WHAT TO DO = Leave the pictures out. Retype exactly the lines below from the one containing "SIMPLIHOME Austin Tub" through the one containing "Aged Oak Clover Pedestal Table", and no others.

[Captioned web image data]
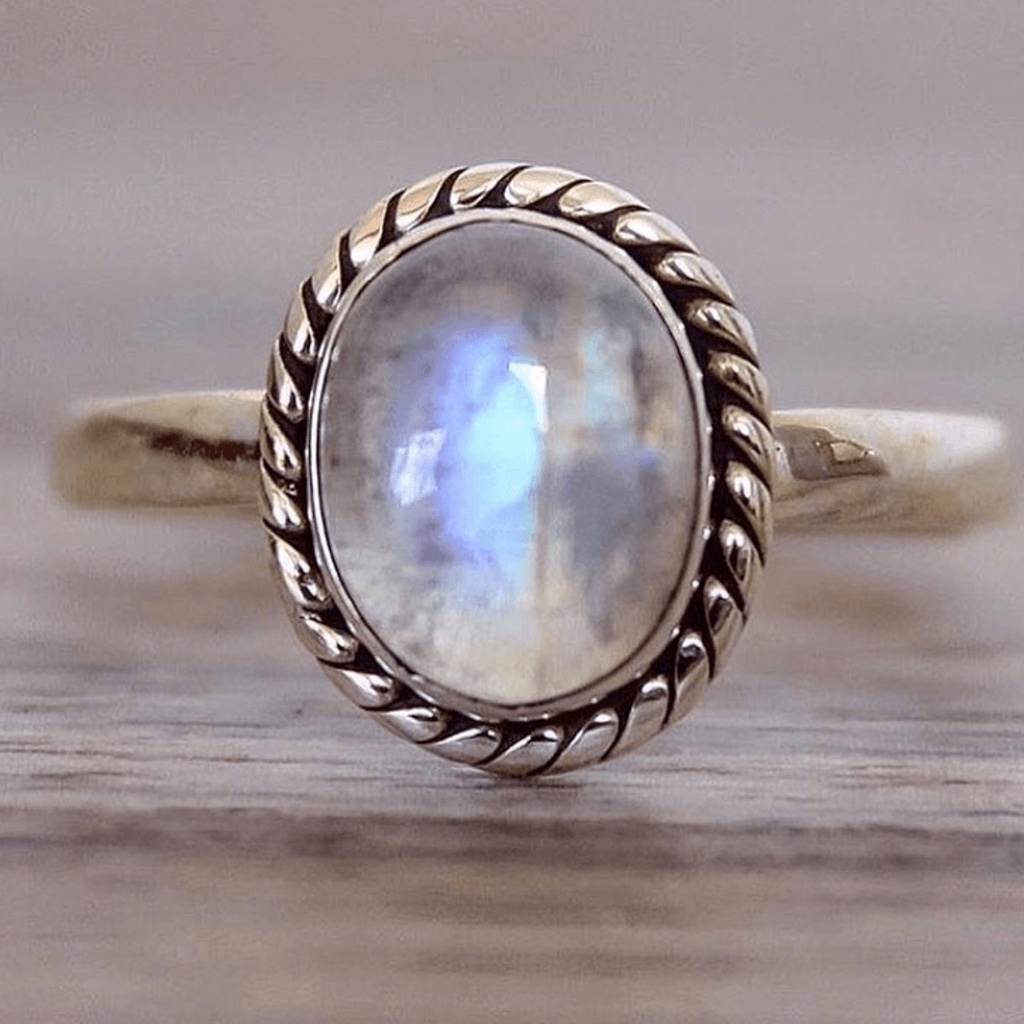 Cincin Vintage Batu Bulan Perak Wanita 925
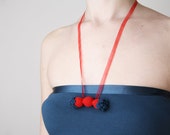crochet bead bow tie candy necklace in red and navy blue - handmade necklace, choker, nautical style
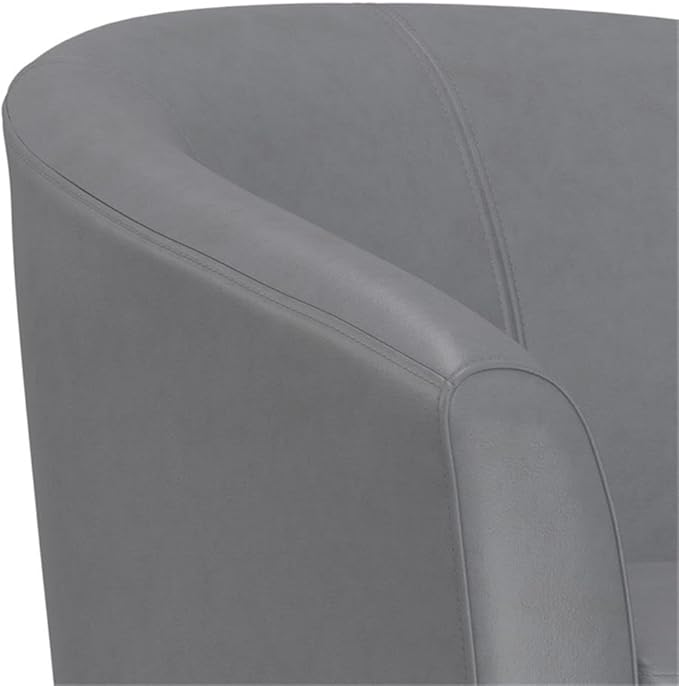 SIMPLIHOME Austin Tub Chair - 30 inch Wide Upholstered Faux Leather Contemporary Accent Chair in Stone Grey for Living Room or Bedroom with High Arms Removable Cushion and Deep Seat Comfort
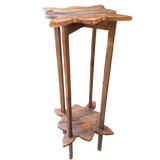Aged Oak Clover Pedestal Table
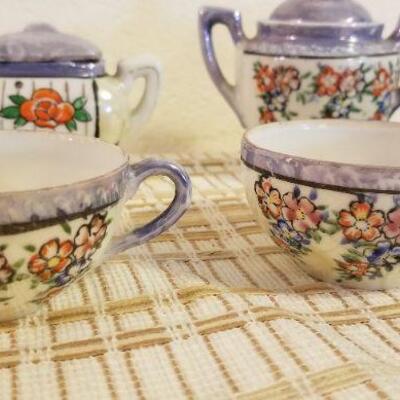 Lot #610: Large Assortment of Vintage Children's Tea set Pieces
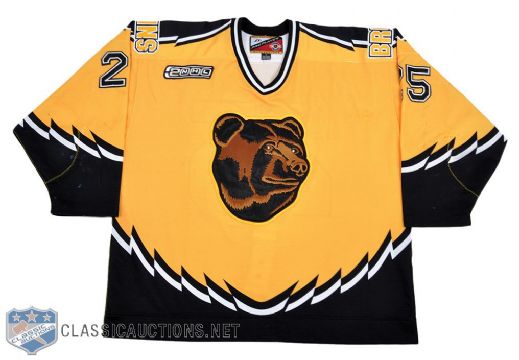 Hal Gills 1999-2000 Boston Bruins Game-Worn Alternate Jersey with LOA - Team Repairs!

TASK RESPONSE =
 SIMPLIHOME Austin Tub Chair - 30 inch Wide Upholstered Faux Leather Contemporary Accent Chair in Stone Grey for Living Room or Bedroom with High Arms Removable Cushion and Deep Seat Comfort
Aged Oak Clover Pedestal Table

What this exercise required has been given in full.